DIVISION OF ADMINISTRATIVE HEARINGS


DIVISION OF HOTELS AND )

RESTAURANTS, DEPARTMENT OF )

BUSINESS REGULATION, )

)

Petitioner, )

)

vs. ) CASE NO. 79-1625

) H & R No. 23-1935H-3778 GLYN G. DEAN and GRADY WILSON )

t/a ELEGANTE APARTMENTS, )

)

Respondents. )

)


RECOMMENDED ORDER


A hearing was held in the above captioned matter, after due notice, on October 17, 1979, at Miami, Florida, before Thomas C. Oldham, Hearing Officer.


APPEARANCES


For Petitioner: Dan Brown, Esquire

Staff Attorney

Department of Business Regulation 725 South Bronough Street Tallahassee, Florida 32301


For Respondents: Glyn G. Dean

1040 Northeast 78th Road Miami, Florida 33138


ISSUE


Whether Respondent's license under Chapter 509, Florida Statutes, should be suspended or revoked, or a civil penalty imposed for alleged violation of Section 83.49(2) and (3) , Florida Statutes, as set forth in Notice to Show Cause.


Respondent Glyn G. Dean appeared at the hearing unaccompanied by legal counsel and he was thereafter advised of his rights as a respondent in an administrative proceeding. He indicated that he understood such rights and desired to represent himself at the hearing.


FINDINGS OF FACT


  1. Respondent Glyn G. Dean owns and operates the Elegante Apartments, a five-unit apartment building located at 1040 NE 78th Road, Miami, Florida. Respondent holds a license issued by Petitioner to operate a public lodging establishment pursuant to the provisions of Chapter 509, Florida Statutes. (Testimony of Dean, Teller)
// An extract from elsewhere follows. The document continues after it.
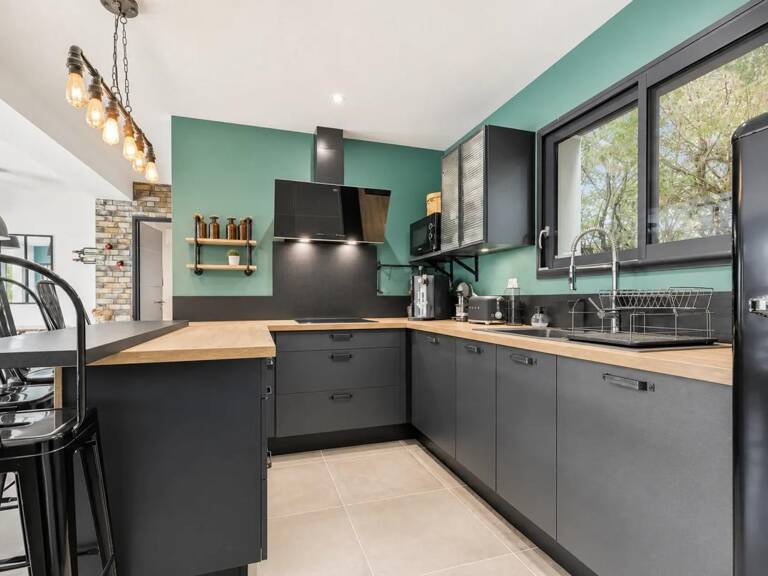 Ensemble immobilier de 2 maisons : Grande maison T5 de 118m2 et seconde maison T4 de 68 m2 — photo 1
  2. On January 28, 1978, Respondent rented Apartment 2 to George Tulloch and his wife on a weekly basis. Thereafter on April 1, 1978, Respondent and Tulloch entered into a lease of the apartment for a period of one year at a rental of $275 per month, including $25 a month as a "damage deposit." The lease provided that the lessee would pay for the cost of repairing all damage to the apartment caused by himself or his family and the cost of removing foreign substances from toilets and sinks. At no time did Respondent inform the lessee as to the manner in which he would hold the payments representing security deposits. Payments in the amount of $275 were made by Tulloch each month from April through October 1978. Thereafter, Tulloch paid as follows:


    November 30, 1978 -

    $250.00

    December 8, 1978 -

    80.00

    December 24, 1978 -

    50.00

    January 23, 1979 -

    170.00

    February 19, 1979 -

    75.00

    March 10, 1979 -

    100.00


    (Testimony of B. Tulloch, Respondent, Respondent's Exhibits 1-2, Petitioner's Exhibit 1)


  3. In October 1978, there was a ceiling leak in the apartment which caused a bedroom and kitchen to sustain water damage. A section of the kitchen ceiling also fell and struck Mr. Tulloch who later instituted a claim against Respondent under the latter's insurance policy. (Testimony of Tulloch, Dean, supplemented by Respondent's Exhibit 4)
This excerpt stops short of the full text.